Last year (2016), the Steel City of Pittsburgh topped the list of “Most Undervalued Cities”, a ranking that is determined on the basis of the quality of life, home values/square foot, crime rate, extreme temperature days, and walkability. Pittsburgh suburbs, in particular, have been shown to be an affordable option for many — from young professionals to growing families to older generations who desire more space and disposable income.
Rosy times ahead
Since 2015, the trend for real estate in the Pittsburgh suburbs has been on the up and up. This, in spite of increasing mortgage interest rates and limited inventory of marketable housing.
The CEO of Howard Hanna Real Estate Services mentions that “Pittsburgh-area neighborhoods that have been hot in recent years continued that pace last year and, in some cases, warmed up others nearby.” As the city neighborhoods get satiated, and demand for housing continues, the spill-over is accommodated in the outlying suburbs.
Within the city reaches, Lawrenceville continued to hold the top spot; followed by the Highland Park/East Liberty community; and then Downtown, which Mr. Hanna said has seen the highest percentage of growth.
As popular communities become overpriced and overpopulated, buyers create new markets nearby, he said.
Pittsburgh Suburbs – A Quick Study
While the real estate market has slowed down dramatically across the nation over the past five years, making it harder for prospective buyers to find a house, Pittsburgh has actually seen a slight increase, according to data from one real estate website.
Ralph McLaughlin, chief economist for Trulia, said he thought Pittsburgh might be faring better than other metropolitan areas, in part, because it has a sizable number of vacant homes.

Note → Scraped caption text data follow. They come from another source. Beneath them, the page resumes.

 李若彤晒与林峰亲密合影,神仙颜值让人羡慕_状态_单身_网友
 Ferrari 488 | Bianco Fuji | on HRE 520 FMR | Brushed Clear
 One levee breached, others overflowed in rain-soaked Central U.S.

This surplus of available real estate equates to affordable housing and renting prices. The built-in infrastructure of the city allows sellers and landlords to maintain a relatively level, affordable market rate.
Mt. Lebanon, outside of the city’s perimeters has witnessed fast-paced growth, followed closely by Cranberry, Peters, and Adams.

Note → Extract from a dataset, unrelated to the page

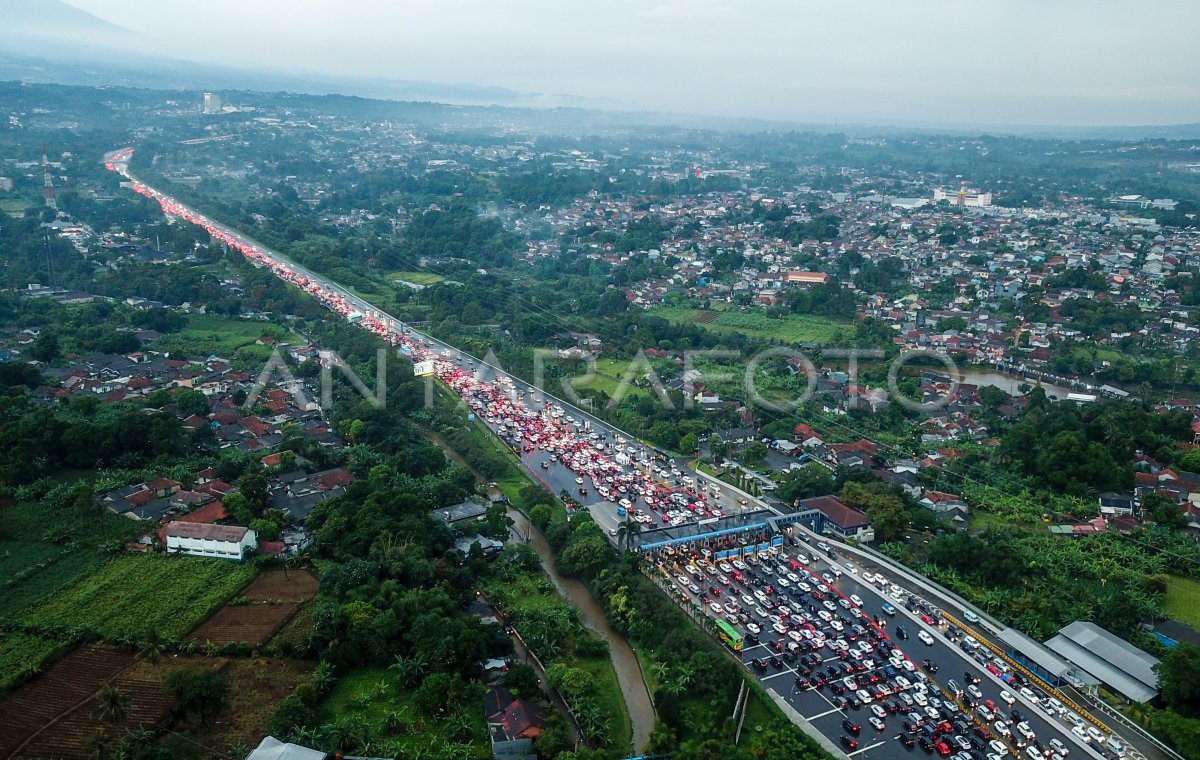 Kepadatan Kendaraan Di Exit Tol Ciawi Antara Foto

While the ongoing sales and purchase of existing real estate carries on at a brisk pace, the fact is that a paucity of new development is causing a stranglehold in the market. According to Mr. Hanna, a lot of housing demand was on account of part-time workers coming into the rural or south suburban Pennsylvania, and now with impending job cuts, it’s a wait-and-watch time for the real estate market.
Why the suburbs?
The parameters that most young families look out for while investing in real estate in the suburbs are: safety, public amenities, schools. Bradford Woods and Franklin Park top the list in desirability for millennials.
The outlook for suburban housing in areas like Upper St. Claire and Leet Township show a marked lean towards ownership versus leasing, and this trend continues in other outlying areas of Pittsburgh as well.
It goes without saying that apart from the factors mentioned above, the economics of the deal swings in favor of suburban housing with the prices being much easier on the pocket as compared to staying in the metropolitan areas. This being said, what are a few minutes more commute to work, when the options are staying in quieter, more salubrious environs?